Print the first line of the records below and every line after it, up to and including the line with "H&H 2 【Karaoke•16". Print nothing else.

__DATASET RECORDS__:
....................

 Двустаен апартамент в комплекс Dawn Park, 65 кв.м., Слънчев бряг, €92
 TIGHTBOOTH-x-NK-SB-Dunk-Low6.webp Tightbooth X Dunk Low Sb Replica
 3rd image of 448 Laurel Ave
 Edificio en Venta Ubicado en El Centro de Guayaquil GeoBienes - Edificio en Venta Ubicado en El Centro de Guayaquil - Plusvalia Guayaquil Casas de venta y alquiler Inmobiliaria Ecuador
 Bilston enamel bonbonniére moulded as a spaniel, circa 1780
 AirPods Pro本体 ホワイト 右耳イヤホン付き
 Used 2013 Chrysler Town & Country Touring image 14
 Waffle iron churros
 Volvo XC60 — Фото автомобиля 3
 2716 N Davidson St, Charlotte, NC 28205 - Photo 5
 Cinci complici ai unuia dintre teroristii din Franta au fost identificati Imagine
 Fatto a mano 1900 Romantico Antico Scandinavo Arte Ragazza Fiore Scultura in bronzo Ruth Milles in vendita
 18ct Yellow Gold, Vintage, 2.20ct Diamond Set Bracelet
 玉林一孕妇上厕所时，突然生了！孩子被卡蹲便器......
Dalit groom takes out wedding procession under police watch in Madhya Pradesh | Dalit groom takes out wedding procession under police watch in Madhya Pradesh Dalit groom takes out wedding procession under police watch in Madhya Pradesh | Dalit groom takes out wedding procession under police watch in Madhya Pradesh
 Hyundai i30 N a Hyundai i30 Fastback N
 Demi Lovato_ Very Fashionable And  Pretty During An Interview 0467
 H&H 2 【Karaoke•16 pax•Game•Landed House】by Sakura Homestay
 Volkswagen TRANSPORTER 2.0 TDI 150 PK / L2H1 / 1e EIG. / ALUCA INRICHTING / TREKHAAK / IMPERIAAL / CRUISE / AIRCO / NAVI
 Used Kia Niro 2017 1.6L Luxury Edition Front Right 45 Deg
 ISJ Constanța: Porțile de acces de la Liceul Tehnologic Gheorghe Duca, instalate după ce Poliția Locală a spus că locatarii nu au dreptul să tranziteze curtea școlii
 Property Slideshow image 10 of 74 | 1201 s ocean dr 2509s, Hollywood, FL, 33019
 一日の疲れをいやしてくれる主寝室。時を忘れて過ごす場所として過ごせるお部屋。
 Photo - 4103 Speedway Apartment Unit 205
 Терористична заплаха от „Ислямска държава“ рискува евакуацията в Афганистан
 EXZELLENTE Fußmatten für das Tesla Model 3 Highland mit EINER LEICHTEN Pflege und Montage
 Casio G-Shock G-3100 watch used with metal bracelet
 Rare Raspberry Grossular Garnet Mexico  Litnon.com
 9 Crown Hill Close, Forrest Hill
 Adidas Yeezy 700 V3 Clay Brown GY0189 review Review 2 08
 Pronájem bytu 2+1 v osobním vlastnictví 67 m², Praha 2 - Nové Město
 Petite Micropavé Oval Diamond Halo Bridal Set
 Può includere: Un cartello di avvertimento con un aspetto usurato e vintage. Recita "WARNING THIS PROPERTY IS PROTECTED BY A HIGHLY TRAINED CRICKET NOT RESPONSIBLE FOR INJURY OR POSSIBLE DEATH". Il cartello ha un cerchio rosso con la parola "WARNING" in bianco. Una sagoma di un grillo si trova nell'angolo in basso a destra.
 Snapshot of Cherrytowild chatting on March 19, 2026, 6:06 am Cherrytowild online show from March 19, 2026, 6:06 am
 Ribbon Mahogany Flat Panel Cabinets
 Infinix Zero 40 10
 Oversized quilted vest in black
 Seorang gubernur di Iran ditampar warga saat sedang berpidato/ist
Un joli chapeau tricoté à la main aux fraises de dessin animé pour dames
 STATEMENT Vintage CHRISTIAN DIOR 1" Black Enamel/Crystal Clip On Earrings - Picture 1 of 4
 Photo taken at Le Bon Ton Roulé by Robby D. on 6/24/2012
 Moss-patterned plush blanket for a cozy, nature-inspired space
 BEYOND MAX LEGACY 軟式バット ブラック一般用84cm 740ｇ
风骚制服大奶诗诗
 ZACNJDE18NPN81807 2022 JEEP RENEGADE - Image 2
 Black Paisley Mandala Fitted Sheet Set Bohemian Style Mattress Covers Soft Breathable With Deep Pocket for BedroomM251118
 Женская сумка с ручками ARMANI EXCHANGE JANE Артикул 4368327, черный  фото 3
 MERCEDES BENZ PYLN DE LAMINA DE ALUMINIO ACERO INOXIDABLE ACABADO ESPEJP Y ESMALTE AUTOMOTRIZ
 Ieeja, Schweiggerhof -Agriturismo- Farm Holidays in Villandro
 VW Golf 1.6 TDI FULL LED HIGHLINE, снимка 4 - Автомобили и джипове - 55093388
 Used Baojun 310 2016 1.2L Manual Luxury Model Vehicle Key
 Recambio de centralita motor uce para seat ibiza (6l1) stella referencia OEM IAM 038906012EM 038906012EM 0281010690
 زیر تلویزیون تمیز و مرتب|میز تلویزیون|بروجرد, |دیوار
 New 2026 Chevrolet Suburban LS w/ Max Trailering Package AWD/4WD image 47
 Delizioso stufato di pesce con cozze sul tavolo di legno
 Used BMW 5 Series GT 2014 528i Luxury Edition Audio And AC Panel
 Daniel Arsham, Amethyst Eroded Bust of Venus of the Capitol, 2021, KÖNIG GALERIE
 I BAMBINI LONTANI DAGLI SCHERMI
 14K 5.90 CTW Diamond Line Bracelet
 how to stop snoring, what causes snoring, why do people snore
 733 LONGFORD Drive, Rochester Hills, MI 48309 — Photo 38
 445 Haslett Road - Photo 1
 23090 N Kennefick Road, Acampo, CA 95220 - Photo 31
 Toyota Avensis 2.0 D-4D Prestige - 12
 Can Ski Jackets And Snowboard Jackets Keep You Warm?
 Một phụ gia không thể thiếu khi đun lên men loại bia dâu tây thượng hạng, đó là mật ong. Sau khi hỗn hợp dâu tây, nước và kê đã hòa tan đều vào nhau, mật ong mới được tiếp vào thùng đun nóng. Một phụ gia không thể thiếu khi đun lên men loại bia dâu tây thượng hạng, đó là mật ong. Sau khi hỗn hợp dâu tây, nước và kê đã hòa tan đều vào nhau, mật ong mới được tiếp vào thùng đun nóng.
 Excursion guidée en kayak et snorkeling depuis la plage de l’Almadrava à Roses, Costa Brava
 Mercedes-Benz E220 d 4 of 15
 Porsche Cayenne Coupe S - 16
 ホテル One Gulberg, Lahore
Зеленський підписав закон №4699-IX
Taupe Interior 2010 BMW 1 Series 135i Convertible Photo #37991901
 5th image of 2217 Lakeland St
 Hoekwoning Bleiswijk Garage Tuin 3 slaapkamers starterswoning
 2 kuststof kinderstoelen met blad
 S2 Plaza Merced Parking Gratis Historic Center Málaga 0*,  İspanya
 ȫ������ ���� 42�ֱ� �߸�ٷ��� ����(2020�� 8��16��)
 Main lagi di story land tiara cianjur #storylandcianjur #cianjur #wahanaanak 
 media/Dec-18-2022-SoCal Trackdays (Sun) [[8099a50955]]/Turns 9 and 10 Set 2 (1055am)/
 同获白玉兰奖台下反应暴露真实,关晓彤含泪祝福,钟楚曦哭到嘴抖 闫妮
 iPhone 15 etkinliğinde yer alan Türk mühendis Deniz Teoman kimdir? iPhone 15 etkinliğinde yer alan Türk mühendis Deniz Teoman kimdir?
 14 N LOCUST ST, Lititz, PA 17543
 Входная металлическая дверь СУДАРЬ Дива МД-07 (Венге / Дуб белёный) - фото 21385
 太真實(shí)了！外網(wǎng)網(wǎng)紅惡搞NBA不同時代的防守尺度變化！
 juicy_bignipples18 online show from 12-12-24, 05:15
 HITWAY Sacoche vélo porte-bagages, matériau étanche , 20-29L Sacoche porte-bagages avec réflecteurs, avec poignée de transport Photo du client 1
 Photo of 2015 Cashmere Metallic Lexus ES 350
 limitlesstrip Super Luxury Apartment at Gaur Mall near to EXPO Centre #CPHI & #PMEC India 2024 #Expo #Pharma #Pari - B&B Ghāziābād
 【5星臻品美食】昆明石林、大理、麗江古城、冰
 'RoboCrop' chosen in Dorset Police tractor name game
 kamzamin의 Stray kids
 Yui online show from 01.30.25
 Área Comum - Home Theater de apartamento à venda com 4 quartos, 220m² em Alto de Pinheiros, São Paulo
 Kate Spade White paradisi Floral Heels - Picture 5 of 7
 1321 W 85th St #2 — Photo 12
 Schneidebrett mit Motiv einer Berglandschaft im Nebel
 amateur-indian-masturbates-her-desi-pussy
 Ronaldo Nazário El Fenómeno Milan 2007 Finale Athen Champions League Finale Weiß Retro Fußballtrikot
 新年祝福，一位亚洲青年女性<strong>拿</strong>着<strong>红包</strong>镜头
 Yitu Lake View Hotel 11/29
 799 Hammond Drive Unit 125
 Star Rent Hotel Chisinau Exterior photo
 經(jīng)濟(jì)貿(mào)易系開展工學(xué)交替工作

....................

__EXERCISE OUTPUT__:
 Двустаен апартамент в комплекс Dawn Park, 65 кв.м., Слънчев бряг, €92
 TIGHTBOOTH-x-NK-SB-Dunk-Low6.webp Tightbooth X Dunk Low Sb Replica
 3rd image of 448 Laurel Ave
 Edificio en Venta Ubicado en El Centro de Guayaquil GeoBienes - Edificio en Venta Ubicado en El Centro de Guayaquil - Plusvalia Guayaquil Casas de venta y alquiler Inmobiliaria Ecuador
 Bilston enamel bonbonniére moulded as a spaniel, circa 1780
 AirPods Pro本体 ホワイト 右耳イヤホン付き
 Used 2013 Chrysler Town & Country Touring image 14
 Waffle iron churros
 Volvo XC60 — Фото автомобиля 3
 2716 N Davidson St, Charlotte, NC 28205 - Photo 5
 Cinci complici ai unuia dintre teroristii din Franta au fost identificati Imagine
 Fatto a mano 1900 Romantico Antico Scandinavo Arte Ragazza Fiore Scultura in bronzo Ruth Milles in vendita
 18ct Yellow Gold, Vintage, 2.20ct Diamond Set Bracelet
 玉林一孕妇上厕所时，突然生了！孩子被卡蹲便器......
Dalit groom takes out wedding procession under police watch in Madhya Pradesh | Dalit groom takes out wedding procession under police watch in Madhya Pradesh Dalit groom takes out wedding procession under police watch in Madhya Pradesh | Dalit groom takes out wedding procession under police watch in Madhya Pradesh
 Hyundai i30 N a Hyundai i30 Fastback N
 Demi Lovato_ Very Fashionable And  Pretty During An Interview 0467
 H&H 2 【Karaoke•16 pax•Game•Landed House】by Sakura Homestay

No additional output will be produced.